In 1787 the world was a far larger place, and the framers probably had in mind attacks upon the United States. In the 20th century, the world has grown much smaller. An attack on a country far from our shores can impinge directly on the nation’s security. In the SEATO treaty, for example, it is formally declared that an armed attack against Viet Nam would endanger the peace and security of the United States.
Under our Constitution it is the President who must decide when an armed attack has occurred. He has also the constitutional responsibility for determining what measures of defense are required when the peace and safety of the United States are endangered. If he considers that deployment of U.S. forces to South Viet Nam is required, and that military measures against the source of Communist aggression in North Viet Nam are necessary, he is constitutionally empowered to take those measures. 60
Opponents of such expanded presidential powers have contended, however, that the authority to initiate war was not divided between the Executive and Congress but was vested exclusively in Congress. The President had the duty and the power to repeal sudden attacks and act in other emergencies, and in his role as Commander in Chief he was empowered to direct the armed forces for any purpose specified by Congress. 61 Though Congress asserted itself in some respects, it never really managed to confront the President’s power with any sort of effective limitation, until recently.

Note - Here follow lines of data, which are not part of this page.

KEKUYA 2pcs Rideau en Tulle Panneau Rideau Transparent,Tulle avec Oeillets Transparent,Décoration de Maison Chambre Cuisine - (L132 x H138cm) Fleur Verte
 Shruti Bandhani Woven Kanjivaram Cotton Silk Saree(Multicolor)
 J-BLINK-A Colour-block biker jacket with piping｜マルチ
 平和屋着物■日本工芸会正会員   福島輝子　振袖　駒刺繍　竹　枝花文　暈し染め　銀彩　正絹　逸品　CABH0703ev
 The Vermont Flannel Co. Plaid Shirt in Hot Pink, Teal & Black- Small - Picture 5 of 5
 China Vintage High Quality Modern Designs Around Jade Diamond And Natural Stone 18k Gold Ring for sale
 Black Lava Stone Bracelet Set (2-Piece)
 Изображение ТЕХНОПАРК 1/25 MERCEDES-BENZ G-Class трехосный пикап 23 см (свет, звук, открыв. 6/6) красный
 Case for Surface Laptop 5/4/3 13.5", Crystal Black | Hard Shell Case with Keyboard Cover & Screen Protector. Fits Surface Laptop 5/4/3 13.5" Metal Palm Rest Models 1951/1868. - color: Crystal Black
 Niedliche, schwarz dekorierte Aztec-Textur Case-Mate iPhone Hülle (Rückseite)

Over the President’s veto, Congress enacted the War Powers Resolution, 62 designed to redistribute the war powers between the President and Congress. Although ambiguous in some respects, the Resolution appears to define restrictively the President’s powers, to require him to report fully to Congress upon the introduction of troops into foreign areas, to specify a maximum time limitation on the engagement of hostilities absent affirmative congressional action, and to provide a means for Congress to require cessation of hostilities in advance of the time set.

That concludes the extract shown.